◆ PROBLEM DETAILS: Within the records below, find the line containing "Overview of the". Reproduce it and each line after it exactly, and nothing else.
________________
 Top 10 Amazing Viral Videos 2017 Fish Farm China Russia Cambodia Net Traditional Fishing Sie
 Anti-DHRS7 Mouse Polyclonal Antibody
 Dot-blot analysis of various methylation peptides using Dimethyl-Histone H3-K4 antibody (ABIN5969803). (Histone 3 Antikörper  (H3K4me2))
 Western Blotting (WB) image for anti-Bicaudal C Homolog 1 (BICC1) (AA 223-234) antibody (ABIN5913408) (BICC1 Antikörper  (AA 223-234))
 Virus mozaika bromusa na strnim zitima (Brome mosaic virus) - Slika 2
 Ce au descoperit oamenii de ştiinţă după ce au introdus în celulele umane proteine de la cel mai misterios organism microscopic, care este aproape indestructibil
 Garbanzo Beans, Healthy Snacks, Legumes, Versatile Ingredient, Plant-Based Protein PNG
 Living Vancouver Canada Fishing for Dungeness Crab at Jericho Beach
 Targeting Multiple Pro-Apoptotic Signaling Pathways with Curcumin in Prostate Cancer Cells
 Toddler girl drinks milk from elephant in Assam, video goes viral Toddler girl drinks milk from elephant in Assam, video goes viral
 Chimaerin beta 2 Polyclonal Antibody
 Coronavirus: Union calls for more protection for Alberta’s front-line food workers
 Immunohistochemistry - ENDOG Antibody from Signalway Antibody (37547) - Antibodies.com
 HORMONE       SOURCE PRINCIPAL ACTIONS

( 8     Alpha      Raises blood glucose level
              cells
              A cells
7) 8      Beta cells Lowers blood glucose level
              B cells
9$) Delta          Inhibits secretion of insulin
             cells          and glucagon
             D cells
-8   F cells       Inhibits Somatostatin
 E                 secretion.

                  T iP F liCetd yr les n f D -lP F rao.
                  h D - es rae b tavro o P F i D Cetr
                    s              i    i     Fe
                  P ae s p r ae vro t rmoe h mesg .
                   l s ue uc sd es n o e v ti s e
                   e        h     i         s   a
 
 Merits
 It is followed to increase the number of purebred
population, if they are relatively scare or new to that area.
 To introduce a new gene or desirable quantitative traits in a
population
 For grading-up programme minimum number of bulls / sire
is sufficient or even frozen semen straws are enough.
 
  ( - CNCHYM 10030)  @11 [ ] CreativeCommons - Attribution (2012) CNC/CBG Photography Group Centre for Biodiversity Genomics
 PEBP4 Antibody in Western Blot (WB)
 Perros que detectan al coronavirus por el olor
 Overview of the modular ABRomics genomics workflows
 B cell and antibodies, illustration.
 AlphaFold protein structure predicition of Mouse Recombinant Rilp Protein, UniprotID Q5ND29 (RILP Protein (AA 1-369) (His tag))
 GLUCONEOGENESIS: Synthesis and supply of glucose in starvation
________________
◆ RESPONSE TO THE EXERCISE:
 Overview of the modular ABRomics genomics workflows
 B cell and antibodies, illustration.
 AlphaFold protein structure predicition of Mouse Recombinant Rilp Protein, UniprotID Q5ND29 (RILP Protein (AA 1-369) (His tag))
 GLUCONEOGENESIS: Synthesis and supply of glucose in starvation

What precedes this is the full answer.